22 Aralık 2020 Salı

LATİFE

Türk’ün biri Halep’e yağ götürüyor satmak için. Bizim bulunduğumuz zaman Halep’te haftada iki gün pazar kurulurdu. Biri “Ahad pazarı” kalenin etrafında kurulur. Biri de “Cuma pazarı”, “Kastelharâmi” de kurulur. Orada hıyar çekirdeğine varıncaya kadar herşey satılıyor. Türk orada yağ satarmış. Arapça da bilmezmiş. Öteden bir Arap müşteri gelmiş; o da Türkçe bilmiyor. Arap soruyor: – Kem kırş? Türk bunun: Kaç kuruş? demek olduğunu bilmediği için, bu sözdeki “Kem” kelimesini Türkçe “Kene” zannediyor.

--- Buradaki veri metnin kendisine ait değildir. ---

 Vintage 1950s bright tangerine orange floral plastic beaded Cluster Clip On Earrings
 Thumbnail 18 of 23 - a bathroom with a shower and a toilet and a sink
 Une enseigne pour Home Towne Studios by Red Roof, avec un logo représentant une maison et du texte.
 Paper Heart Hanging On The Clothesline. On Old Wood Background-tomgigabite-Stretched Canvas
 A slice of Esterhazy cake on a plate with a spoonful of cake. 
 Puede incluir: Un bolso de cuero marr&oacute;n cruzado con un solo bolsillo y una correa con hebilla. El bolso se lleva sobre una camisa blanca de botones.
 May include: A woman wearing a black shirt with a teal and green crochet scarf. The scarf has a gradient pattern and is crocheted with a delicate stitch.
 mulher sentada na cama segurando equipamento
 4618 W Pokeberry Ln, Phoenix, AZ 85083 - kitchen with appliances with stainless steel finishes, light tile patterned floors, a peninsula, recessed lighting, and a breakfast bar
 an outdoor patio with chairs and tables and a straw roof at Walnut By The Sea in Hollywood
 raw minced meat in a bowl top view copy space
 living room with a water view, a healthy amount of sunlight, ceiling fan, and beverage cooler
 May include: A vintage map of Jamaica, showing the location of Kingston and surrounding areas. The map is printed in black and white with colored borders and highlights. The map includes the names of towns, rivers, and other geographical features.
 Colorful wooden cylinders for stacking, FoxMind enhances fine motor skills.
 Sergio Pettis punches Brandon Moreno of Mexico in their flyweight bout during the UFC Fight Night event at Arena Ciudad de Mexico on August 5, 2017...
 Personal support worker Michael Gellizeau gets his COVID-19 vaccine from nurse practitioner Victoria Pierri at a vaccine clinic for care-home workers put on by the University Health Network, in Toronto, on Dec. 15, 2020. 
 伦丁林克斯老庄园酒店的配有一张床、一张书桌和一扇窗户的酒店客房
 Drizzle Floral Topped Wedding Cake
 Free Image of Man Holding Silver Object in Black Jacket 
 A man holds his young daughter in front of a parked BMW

Arap’a : “Benim yağ tertemiz, içinde ne kene var, ne birşey” diyor. Arap Türk’ün sözünü anlamadığı için yine “Kem kırş?” diye soruyor. Türk kızıyor: “Sus yahu… Duyan da yağın içinde essahtan kene var zannedecek” diyor. Arap yine “Kem kırş?” deyince, Türk: “Nerden geldi bu belâ başımıza…” diyerek Arap’a bir tokat aşkediyor. Arap tokat’ın acısıyla “Yâ Settâr!” deyince, Türk (Ha şöyle. “Yağ satar” de. Yağ satarım ya, ne zannediyorsun…) diyor.